Was wir nicht brauchen, ist ein weiteres großes Amt, das unterbesetzt ist. Wir brauchen keine weitere Verwaltung, keinen Nationalpark, und kein behördeninternes Kompetenzgerangel, sondern den Willen, wirklich etwas zu bewegen und geschultes Fachpersonal – draußen an den Gewässern!

Man sieht: viele der Probleme der Ostsee entstehen im Süßwasser, in den Zuläufen der Ostsee. Die EU-Wasserrahmenrichtlinie (EU-WRRL) ist seit 2002 ein Instrument, das auch hier helfen sollte. Guter ökologischer Zustand der Fließgewässer bis 2015 – so lautete das Ziel – das nun immer weiter nach hinten geschoben wird.

Wir Angler und Fischer haben dort, von der ersten Stunde an, in allen Gebietsgruppen aktiv mitgewirkt, haben unsere Ortskenntnis und unser Fachwissen eingebracht. Es war ein gutes Werkzeug auf einem guten Weg! Es wurde vieles erfasst, es gab vorgezogene Maßnahmen und dann wurde verwaltet. Es fing an, zu bürokratisch zu werden. Wir haben jeden norddeutschen Tieflandbach in dasselbe Fragebogenschema gepackt wie den italienischen Gebirgsfluss. Inzwischen ist die Bürokratie übermächtig geworden, sie lähmt Prozesse. In der Folge passiert seit Jahren nur noch sehr wenig.

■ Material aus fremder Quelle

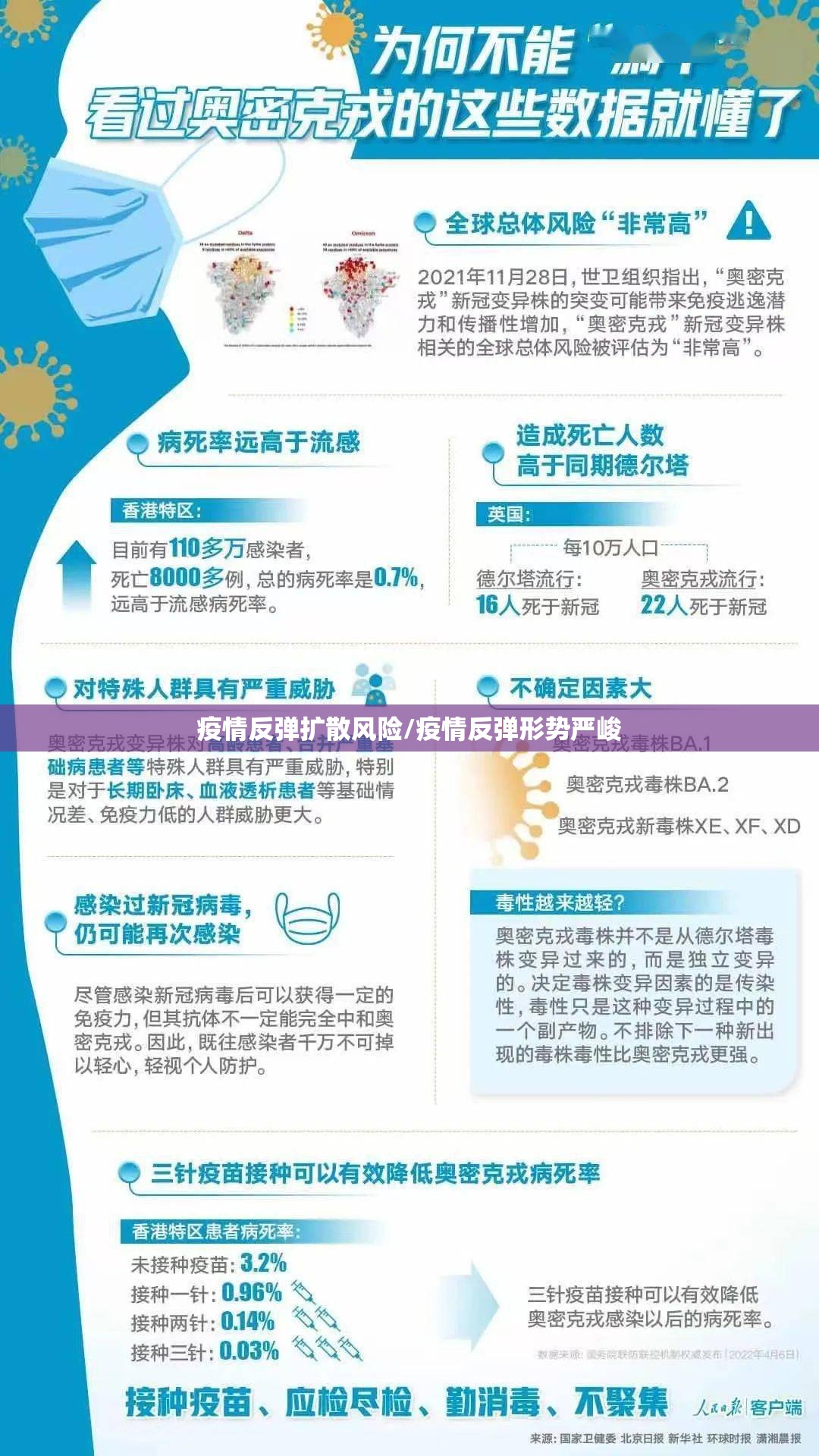 疫情反弹扩散风险/疫情反弹形势严峻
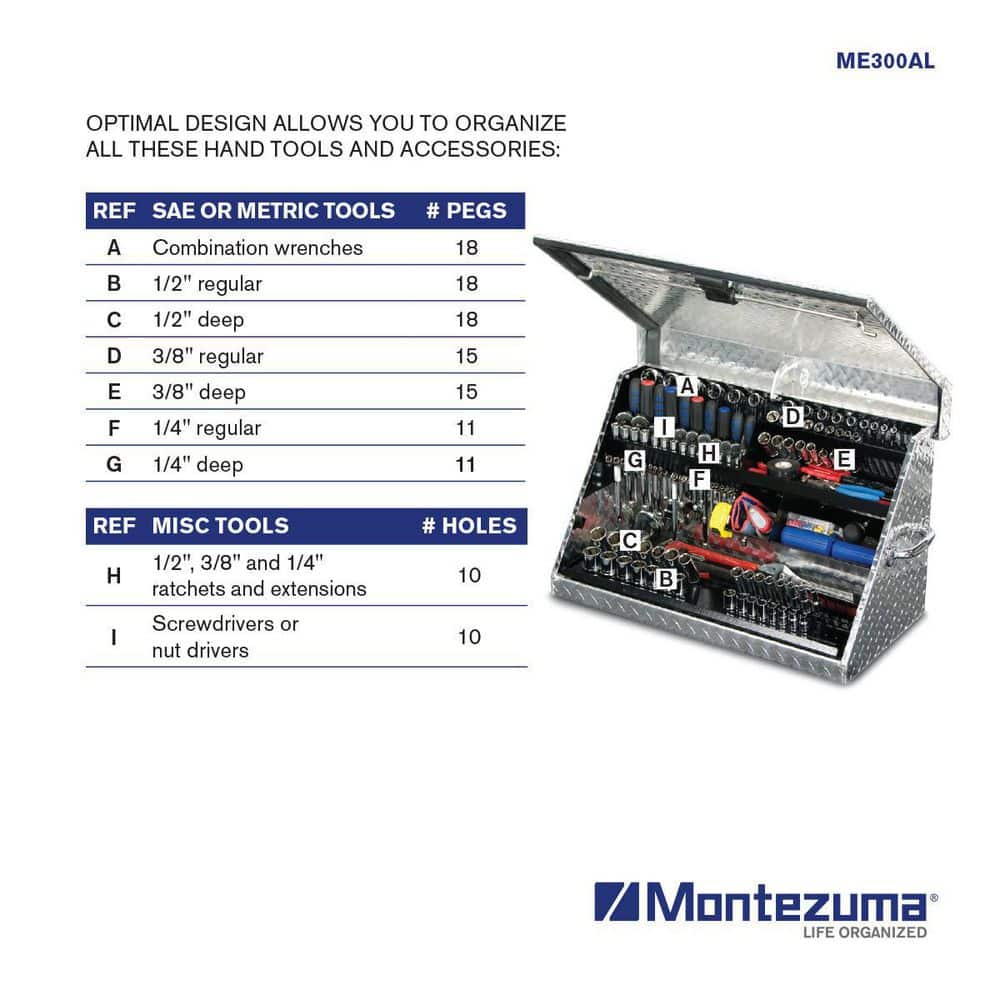 Montezuma 31 in. W x 16 in. D Portable Triangle Top Tool Chest for Sockets, Wrenches and Screwdrivers in Aluminum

Doch viel der Arbeit für die WRRL war nicht umsonst. Die Vorleistungen sollten wir wieder hernehmen und nun zu wirklichen Erfolgen führen. Das Werkzeug ist da – wir hätten auch an den Ostseezuflüssen schon viel weiter sein können. Wenn wir jetzt den politischen Schwung, der in der Nationalparkdebatte aufgekommen ist, für die Umsetzung der WRRL nutzen, können wir vieles bewegen!

Es gibt viele weitere Werkzeuge, die helfen könnten. Die Europäische Meeresstrategie – Rahmenrichtlinie MSRL sollte einen guten Umweltzustand der Meere bis 2020 erreichen. Wir haben an der Ostsee Schutzgebiete in der AWZ, wir haben Vogelschutz, Naturschutz- und FFH-Gebiete. Der Wust an Instrumenten und Reglementierungen, die noch nicht richtig greifen, ist groß und er wächst! Jetzt soll es als weiteres Tool ein Nationalpark richten mit seinem Nationalparkamt. Die Schaffung eines neuen Amtes soll Bürokratie abbauen? Dem Praktiker in mir fehlt da absolut der Glaube!

Peter Heldt mit Angel in der Hand im Porträt. Im Hintergrund ist ein See zu sehen.
LAV-Präsident Peter Heldt ist bereit, für den Schutz der Ostsee einzutreten und auch Einschränkungen mitzugehen – wenn sie denn wirklich helfen!

Was können wir Angler tun?

Fischarten wie Dorsch und Hering leiden verstärkt unter den veränderten Wassertemperaturen. Das spüren auch wir Angler. An Klimawandel, Nährstoffbelastung und Munitionsresten in der Ostsee können wir Angler nur sehr bedingt etwas ändern, aber ein Nationalpark kann das auch nicht.

Wir haben bereits in der Vergangenheit Fangbeschränkungen hinnehmen müssen. Da wo es sinnvoll ist, wo es fachlich und mit Argumenten begründet ist, können wir damit leben. Wenn es hälfe, würden wir auch weiter gehen – im Sinne der Rettung unserer Fischbestände und der Ostsee! Pauschale Ausgrenzung und komplette Fangverbote ohne fachliche Begründung akzeptieren wir jedoch nicht. So etwas sperrt die Menschen aus, die schon jetzt und schon lange etwas für den Ostseeschutz tun.

Man kann über vieles nachdenken und wir sind zu Zugeständnissen bereit. So fordert unser Verband schon seit Jahrzehnten eine komplette Schonzeit in der Laichphase der Dorsche. Unseren Mitgliedern empfehlen wir das seit 20 Jahren auf freiwilliger Basis.

Bei fachlich-sachlich fundierten Vorschlägen kann man auf uns immer zählen. Der pauschale, rein ideologisch geprägte Aufschrei nach Fangverboten stößt allerdings auf unsere Ablehnung. Mit den Mitgliedern unseres Verbandes hat das Land bereits eine große Anzahl an ehrenamtlichen Rangern, die täglich am Wasser sind, und die Missstände rechtzeitig sehen. Man sollte uns nicht aussperren, wir sind bereit für sinnvollen, umsetzbaren und unbürokratischen Ostseeschutz.